Tag Archives: python

Python Error-Handling: Follow-up to Temporary Files

This post is a follow-up to this previous blog post.

On the new Windows 10 computers at Skidmore, I ran into the issue when running python in which temporary files disrupt the execution of my scripts. An example of a suspected temporary file is “C:\Users\jgerard\Desktop\Important2\~$LYP-D_root1.gjf.out”. However, when I select “View Hidden Files” in my directory, no such file appears. As a last resort, I have my script search for temporary files:

if "$" in file_name:

and break if True. This adjustment allowed the successful run of the script. However, it is less than elegant, and the script could run into issues if any of my output files were to include a “$” in their file name.

Leave a Comment

Filed under programming

Python Error Handling: Temporary Files and Skipping Failed Jobs

In my scripts that analyze all Gaussian output files in a directory, I use glob to get all the files into a list. The relevant script is as follows:

import glob

#get a folder to search through
folder_location = get_folder_location()

#gets filepaths for everything in the specified folder ending with .LOG or .out
search_str_log = folder_location + "*.LOG"
search_str_out = folder_location + "*.out"

file_paths_log = glob.glob(search_str_log)
file_paths_out = glob.glob(search_str_out)

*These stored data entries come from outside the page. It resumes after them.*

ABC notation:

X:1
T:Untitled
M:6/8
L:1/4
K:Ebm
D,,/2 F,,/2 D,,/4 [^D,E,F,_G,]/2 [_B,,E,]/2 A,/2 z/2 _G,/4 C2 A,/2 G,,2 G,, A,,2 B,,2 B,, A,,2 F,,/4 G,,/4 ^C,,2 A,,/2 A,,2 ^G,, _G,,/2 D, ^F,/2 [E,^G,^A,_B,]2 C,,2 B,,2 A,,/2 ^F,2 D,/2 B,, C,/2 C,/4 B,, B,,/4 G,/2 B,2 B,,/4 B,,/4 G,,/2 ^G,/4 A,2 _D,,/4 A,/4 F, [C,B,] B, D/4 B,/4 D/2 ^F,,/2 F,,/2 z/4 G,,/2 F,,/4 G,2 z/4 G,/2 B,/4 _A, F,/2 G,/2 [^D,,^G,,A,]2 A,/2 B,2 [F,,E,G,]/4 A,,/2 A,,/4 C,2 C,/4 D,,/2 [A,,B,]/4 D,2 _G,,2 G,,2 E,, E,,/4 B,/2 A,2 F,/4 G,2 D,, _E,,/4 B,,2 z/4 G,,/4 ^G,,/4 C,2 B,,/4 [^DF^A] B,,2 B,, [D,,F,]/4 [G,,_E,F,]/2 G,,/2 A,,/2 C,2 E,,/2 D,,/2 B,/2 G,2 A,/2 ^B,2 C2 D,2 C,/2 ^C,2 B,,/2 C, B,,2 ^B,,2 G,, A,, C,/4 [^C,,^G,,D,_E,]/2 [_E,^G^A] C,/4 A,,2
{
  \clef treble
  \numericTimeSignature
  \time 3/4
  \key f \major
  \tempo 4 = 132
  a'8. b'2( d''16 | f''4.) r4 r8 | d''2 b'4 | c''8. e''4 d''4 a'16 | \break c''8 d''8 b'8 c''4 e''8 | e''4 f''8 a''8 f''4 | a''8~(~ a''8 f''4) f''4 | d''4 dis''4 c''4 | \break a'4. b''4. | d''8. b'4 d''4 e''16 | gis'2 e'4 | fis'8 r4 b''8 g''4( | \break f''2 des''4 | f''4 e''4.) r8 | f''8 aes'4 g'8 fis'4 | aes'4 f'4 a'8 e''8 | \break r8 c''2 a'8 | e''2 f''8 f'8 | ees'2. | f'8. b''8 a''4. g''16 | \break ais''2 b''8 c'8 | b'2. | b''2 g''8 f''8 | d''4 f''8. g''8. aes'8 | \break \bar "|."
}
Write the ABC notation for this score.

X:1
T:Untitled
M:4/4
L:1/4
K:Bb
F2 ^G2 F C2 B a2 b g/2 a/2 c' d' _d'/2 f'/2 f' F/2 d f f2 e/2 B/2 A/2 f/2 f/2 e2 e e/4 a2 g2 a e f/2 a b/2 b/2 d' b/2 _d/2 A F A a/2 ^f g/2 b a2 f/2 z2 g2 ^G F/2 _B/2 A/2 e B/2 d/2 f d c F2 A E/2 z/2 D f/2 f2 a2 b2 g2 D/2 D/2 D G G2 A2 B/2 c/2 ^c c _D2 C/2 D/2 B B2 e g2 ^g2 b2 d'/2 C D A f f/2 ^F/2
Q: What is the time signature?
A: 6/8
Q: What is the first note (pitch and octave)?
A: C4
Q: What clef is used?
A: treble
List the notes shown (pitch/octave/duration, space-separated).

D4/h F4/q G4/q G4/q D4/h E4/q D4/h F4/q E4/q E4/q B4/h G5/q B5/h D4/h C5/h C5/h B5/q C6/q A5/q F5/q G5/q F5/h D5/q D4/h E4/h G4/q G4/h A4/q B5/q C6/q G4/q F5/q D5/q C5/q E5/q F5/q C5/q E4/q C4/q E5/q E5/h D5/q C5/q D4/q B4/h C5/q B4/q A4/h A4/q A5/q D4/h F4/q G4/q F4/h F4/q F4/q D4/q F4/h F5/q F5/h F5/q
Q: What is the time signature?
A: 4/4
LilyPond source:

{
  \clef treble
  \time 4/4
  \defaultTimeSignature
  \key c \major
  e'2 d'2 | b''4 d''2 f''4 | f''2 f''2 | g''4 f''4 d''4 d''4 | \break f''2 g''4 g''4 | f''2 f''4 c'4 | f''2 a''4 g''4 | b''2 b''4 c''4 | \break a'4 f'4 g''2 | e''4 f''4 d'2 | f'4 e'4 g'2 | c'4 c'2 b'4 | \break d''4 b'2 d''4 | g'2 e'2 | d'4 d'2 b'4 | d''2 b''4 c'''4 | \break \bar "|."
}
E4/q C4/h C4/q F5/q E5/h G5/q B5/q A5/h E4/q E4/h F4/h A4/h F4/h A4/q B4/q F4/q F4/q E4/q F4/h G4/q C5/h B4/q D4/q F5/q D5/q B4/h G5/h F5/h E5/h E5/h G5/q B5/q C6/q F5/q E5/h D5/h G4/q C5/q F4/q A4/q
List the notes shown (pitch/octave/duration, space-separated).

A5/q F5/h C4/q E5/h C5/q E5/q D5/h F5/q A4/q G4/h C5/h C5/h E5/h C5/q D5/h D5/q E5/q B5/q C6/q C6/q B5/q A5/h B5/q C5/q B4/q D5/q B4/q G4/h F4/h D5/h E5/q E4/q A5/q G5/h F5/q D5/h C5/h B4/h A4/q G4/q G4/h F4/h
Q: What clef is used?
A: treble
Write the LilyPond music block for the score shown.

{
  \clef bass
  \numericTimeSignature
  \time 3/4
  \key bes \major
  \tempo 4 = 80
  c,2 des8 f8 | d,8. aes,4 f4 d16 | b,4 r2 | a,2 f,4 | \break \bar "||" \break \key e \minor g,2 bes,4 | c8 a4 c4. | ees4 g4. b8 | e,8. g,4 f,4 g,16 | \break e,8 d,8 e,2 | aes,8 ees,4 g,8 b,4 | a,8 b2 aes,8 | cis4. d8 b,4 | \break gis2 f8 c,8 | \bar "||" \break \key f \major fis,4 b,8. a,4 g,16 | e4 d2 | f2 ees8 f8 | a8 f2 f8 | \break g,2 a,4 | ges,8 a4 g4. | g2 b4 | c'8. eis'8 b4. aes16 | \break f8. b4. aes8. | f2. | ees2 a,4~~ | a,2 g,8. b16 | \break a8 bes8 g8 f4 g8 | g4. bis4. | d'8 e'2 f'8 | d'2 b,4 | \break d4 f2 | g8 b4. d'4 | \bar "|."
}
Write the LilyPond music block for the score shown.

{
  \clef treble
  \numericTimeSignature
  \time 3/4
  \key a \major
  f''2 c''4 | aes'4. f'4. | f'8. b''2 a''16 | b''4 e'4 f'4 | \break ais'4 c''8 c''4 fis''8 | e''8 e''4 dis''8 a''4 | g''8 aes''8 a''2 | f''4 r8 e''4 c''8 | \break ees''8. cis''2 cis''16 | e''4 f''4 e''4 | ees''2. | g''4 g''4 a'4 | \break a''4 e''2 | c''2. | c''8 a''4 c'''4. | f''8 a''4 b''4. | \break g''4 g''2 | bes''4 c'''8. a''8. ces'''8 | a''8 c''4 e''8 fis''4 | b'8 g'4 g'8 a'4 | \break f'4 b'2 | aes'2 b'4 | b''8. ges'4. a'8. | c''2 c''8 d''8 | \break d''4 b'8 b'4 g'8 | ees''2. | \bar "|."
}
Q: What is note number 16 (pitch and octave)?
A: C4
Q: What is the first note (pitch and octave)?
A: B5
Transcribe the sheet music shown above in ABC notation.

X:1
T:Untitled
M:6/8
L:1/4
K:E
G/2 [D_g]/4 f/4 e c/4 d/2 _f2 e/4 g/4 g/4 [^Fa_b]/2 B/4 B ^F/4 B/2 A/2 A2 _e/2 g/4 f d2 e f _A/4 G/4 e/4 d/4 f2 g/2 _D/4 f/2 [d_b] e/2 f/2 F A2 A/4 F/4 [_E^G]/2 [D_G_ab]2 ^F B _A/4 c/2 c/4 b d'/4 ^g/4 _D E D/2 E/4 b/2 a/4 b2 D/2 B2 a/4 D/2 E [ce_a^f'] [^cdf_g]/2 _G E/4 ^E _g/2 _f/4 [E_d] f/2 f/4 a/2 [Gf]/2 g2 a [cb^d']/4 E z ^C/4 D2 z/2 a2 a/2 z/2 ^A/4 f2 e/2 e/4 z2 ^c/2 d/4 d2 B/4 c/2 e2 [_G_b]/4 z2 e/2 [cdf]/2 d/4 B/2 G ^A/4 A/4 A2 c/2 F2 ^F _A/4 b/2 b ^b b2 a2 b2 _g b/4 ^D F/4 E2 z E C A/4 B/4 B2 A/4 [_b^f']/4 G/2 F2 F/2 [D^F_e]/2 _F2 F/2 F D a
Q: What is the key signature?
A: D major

file_paths = file_paths_log + file_paths_out

I have been editing and testing output files within the directory, and my script has mistakenly read their temporary Word files as .out files. I needed to make those temporary files visible (see this link for instructions on how to do that). Then I deleted the temporary files, so they would not be read as extra files.

 

I wanted my script to skip files that had in error termination in Gaussian, so I needed to search the output files for the string “Error termination”. Since I was reading output files with .readlines(), as a list of lines (strings), I decided to recombine the list of strings into one string as follows:

#reads the file as a list of its lines of text
content_lines = current_file.readlines()

combined = '\t'.join(content_lines)

if "Error termination" in combined:
    print file_name + " skipped because of error termination
    in Gaussian."

else:
    #analyze file

Another option would have been to use .read() in addition to .readlines() for a different variable content, but that would set the cursor to the end of the file, and I would need to write current_file.seek(0) to reset the cursor to the beginning of the file. (See this post for more information about this issue.) Using the .join() command was a simpler way of getting the text file as a string, without having to set the cursor back.

2 Comments

Filed under programming

Python: Error Handling

One part of my updates to my Python script has been to manage what the script does in the case of incomplete output files. I have developed ways of circumventing a couple of issues, which include missing or different nstates values and incomplete files.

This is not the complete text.